Various reports and editorials lately have mused at the backlash against over-oaked wines, particularly Chardonnay. While I had no doubt that this was the case, and was even thankful for it, the real proof of the decline is what's happening to the American Oak market: it's collapsing. Or nearly. Oeneo corporation, one of the largest of America's handful of manufacturers of oak barrels has had to sell its American oak cooperage facility at a loss, after losing nearly 2 million dollars in the last couple of years.

In addition to the reduction in demand for American Oak barrels, which impart stronger wood flavors than their French counterparts, the American Oak market has been under increasing competitive pressure from the French who are now even setting up American companies to distribute their wares.

While this state of affairs undoubtedly means hard times for some people, which you never wish for, I can't say I'm particularly bummed out by the trend which it seems to signal. Very few winemakers know how to use American oak well, and for the rest, it ends up churning out wines that often have the "buttered plank" taste that so many people unknowingly tolerate and even love.

There will not be much mourning here. Here's the news story about Oeneo.

I know there are winemakers who read this site. What do you think?

Comments (13)

Tony Quila wrote:
01.24.05 at 3:52 AM

I agree that it is a sad day for the employees of Oeneo corporation. But it is a welcome moment for discerning palates everywhere. One less trick in the winemakers repertoire to disguise mediocre overpriced efforts.

the caveman wrote:
01.24.05 at 5:29 AM

And not a minute too soon. I have pretty well given up on California as a whole largely due to their penchant for over-oaking their wines. Now the next step is understanding micro-climate, let's go a little less ripe folks.

Lenn wrote:
01.24.05 at 8:06 AM

I can't say that I'm shocked...but it is a shame for the American barrel makers.

I've become increasingly enamoured with Hungarian oak lately...and Russian oak...there's one winemaker I know personally that uses them.

Of course I know another winemaker that thinks the first one is just using them as a marketing ploy to "stand out"

Thoughts, Alder?

wine on a budget wrote:
01.24.05 at 9:06 AM

I'm a bit of a newcomer to wines and am on quite a budget - so I have to choose carefully when trying new things. I've found I really quite dislike the very oaky/buttery side to many chardonnays. Rather than try pot luck as to whether I find one that is to my taste I now tend to choose the unoaked varieties instead - a very different, much more fruity drink. So hopefully this new trend will see me broadening my horizons a little!

Al wrote:
01.24.05 at 9:39 AM

Overall, I don't think that this is good news.

American Oak is a good tool for winemakers. The backlash in the marketplace seems to be due to 2 main reasons:
- Many winemakers seem to 'overdo' it when applying American Oak [AO], and
- too many winemakers use too high a percentage of new oak in their wines.

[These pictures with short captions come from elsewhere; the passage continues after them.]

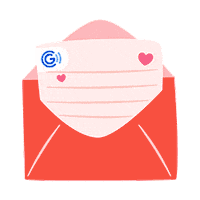 Happy Valentines Day Sticker by GCash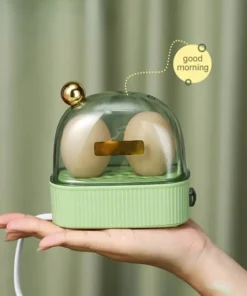 Mini egg steamer&Free Measuring cup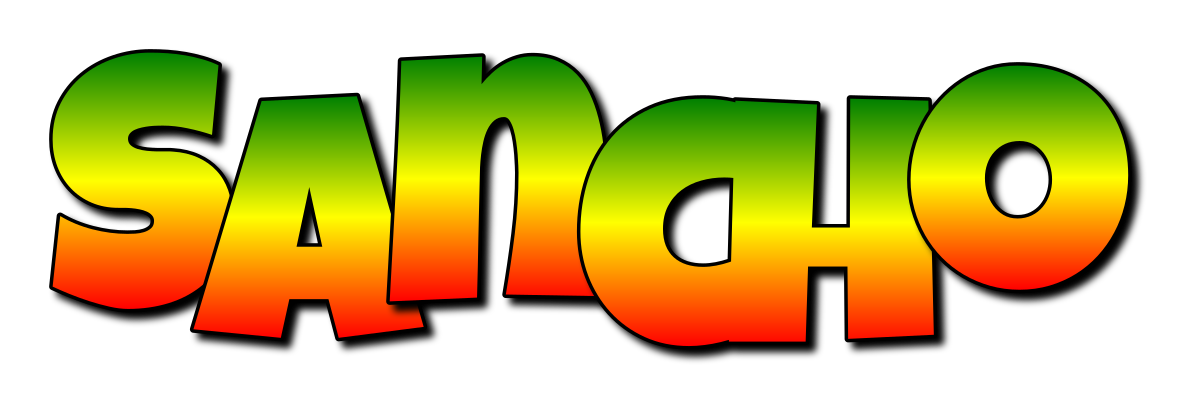 Sancho mango logo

Because AO has much more available flavor compounds than French Oak [FO]or oak from Eastern European countries [EEO], it needs to be utilized in a more refined manner, not just tossed in 'en masse'...
(BTW - AO has much more 'cis-lactones' available than FO by about 4 times, while EEO has about 2.5 times the FO level; EEO and FO both contain more oak tannis than AO by ~2:1. In addition EEO resembles AO in that the wood contains more tyloses (wood sugars)that help plug some off the vessels in the wood.)

It's not that AO is the great offender. American wineries trying to get some attention from a market in which 80%+ of the wine sold is Chardonnay; the Chard market segment is ~900+ different products (with ~15% less than US$12); the Chardonnay reign has been over the last 25 years, and has been "THE" wine marketed to consumers for white wines.
This has winemakers thinking they need something "impressive", "different", and "over the top" to get consumers talking about their wines. The result?
So many Chardonnays which are "over oaked" or "super buttery". Why?...because while winemakers may not be able to afford grapes from better vineyards, they can change their barrel %'s rather easily - skewing to higher %'s of new wood and toasts that give the big "bang"...not just 'medium toast' but 'heavy toast', and 'light' and 'heavy char' toasts. That's when AO gets it's bad rap, because the wine's essentially being but into barrels with the same toasting method as whiskey barrels, just like it was 30 years ago when the American coopers were first trying to get a handle on toasting barrels for wine. The same coarse effect that was reviled then, is being applied again in an attempt to make a "different" wine. THAT's the problem as I see it, not necessarily the difference between AO, FO, and EEO's.

Historical note: EEO (specifically Hungarian Oak) was THE oak of choice in the French wine industry prior to WWI.

BTW - the worst over-oaked wine I ever had was a 2000(?) Windsor Vineyards Zinfandel which was in 100% NEW AO according to the back label...it was like drinking liquid wood. Totally out of balance, and totally unenjoyable. I think Carol Shelton (who made the wine) should've been given a 'razzie' award for that one. Even though I hated the wine, it was the maker I despised - not the AO itself.

Deena wrote:
01.24.05 at 9:59 AM

Back before started learning about wine I knew I hated Chardonnay but liked Pinot Grigio and Sauvignon Blanc, though I couldn't put my finger on why. Today, of course, I know what the problem was.

Still, there are some great uses for American oak barrels out there. I had a nice Rioja Crianza the other day, and they traditionally use American oak.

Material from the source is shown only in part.